Nel 1945 per la libreria inizia una terza vita. Il nuovo nome è: S. F. Vanni, Publishers and Booksellers. La nuova sede è al numero 30 della dodicesima strada. Lì dove ora sta per riaprire per alcuni mesi come centro pop up e luogo di lettura e incontri letterari. Dalla zona “italiana” con la sua vita popolare alla «zona cittadina, a nord del Washington Square, off Fifth Avenue », scrive Olga Ragusa. A pochi passi c’è la libreria degli Stechert, dinastia di librai austriaci, tra le più moderne del continente. La Vanni diventa punto di riferimento anche di intellettuali pacifisti e poeti ebrei costretti a scappare dal loro paese. Come il filologo austriaco Leo Spitzer o il poeta francese André Spire, militante sionista. Dello stesso periodo anche i rapporti con Mario Pei considerato uno dei maggiori poliglotti del XX secolo. In quasi 40 anni la Vanni pubblica 138 titoli. Libri per le scuole, testi inediti, studi specialistici, riviste (come World, organo del Circolo linguistico di New York). Veleggia fino al 1974 quando Andrea Ragusa viene ucciso per una rapina di fronte al negozio. Le redini passano alle figlie Olga e Isa. Ma la Vanni smette di pubblicare e si spegne lentamente e nel 2004 chiude i battenti. Fino a qualche mese fa quando davanti alla vetrina al numero 30 della Dodicesima strada del Greenwich Village si è fermato Alessandro Cassin.

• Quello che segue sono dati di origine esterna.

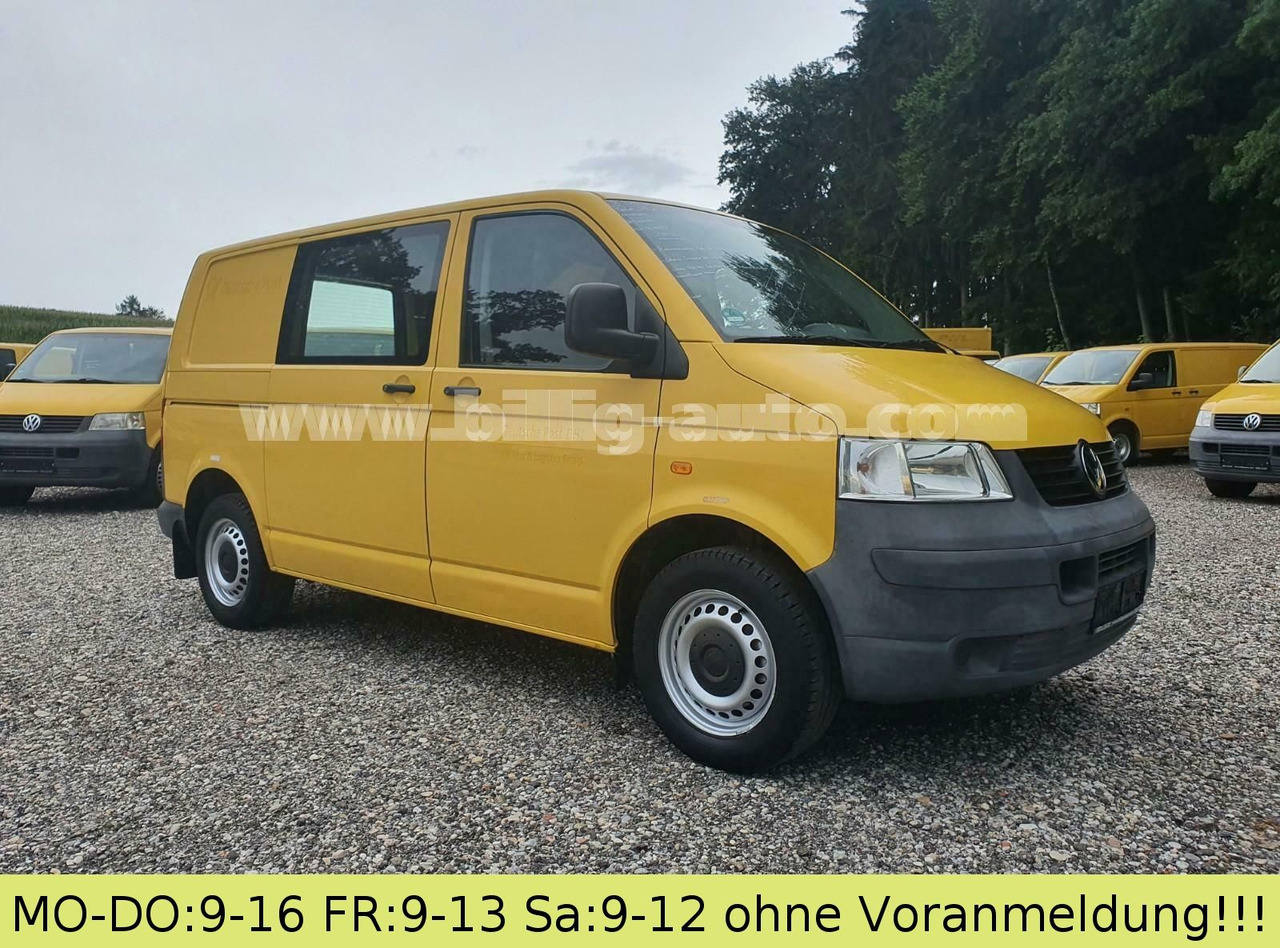 Volkswagen T5 1.9 TDI* Transporter 2xSchiebetüre Scheckheft - Furgão de passageiros: foto 3 Volkswagen T5 1.9 TDI* Transporter 2xSchiebetüre Scheckheft - Furgão de passageiros: foto 3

Oggi la libreria, di proprietà di Olga Ragusa, è composta da due sale: la prima è uno spazio multifunzionale, la seconda mantiene la forma originale con edizioni rare e vecchi mobili. Al marchio S. V. Vanni si affianca quello di Edizioni CPL del Centro Primo levi di New York che qui presenterà le sue pubblicazioni. «Ci auguriamo — dice Cassin — che questa libreria torni a essere una vetrina per la piccola editoria italiana». Per la S. F. Vanni, forse l’inizio di una nuova vita.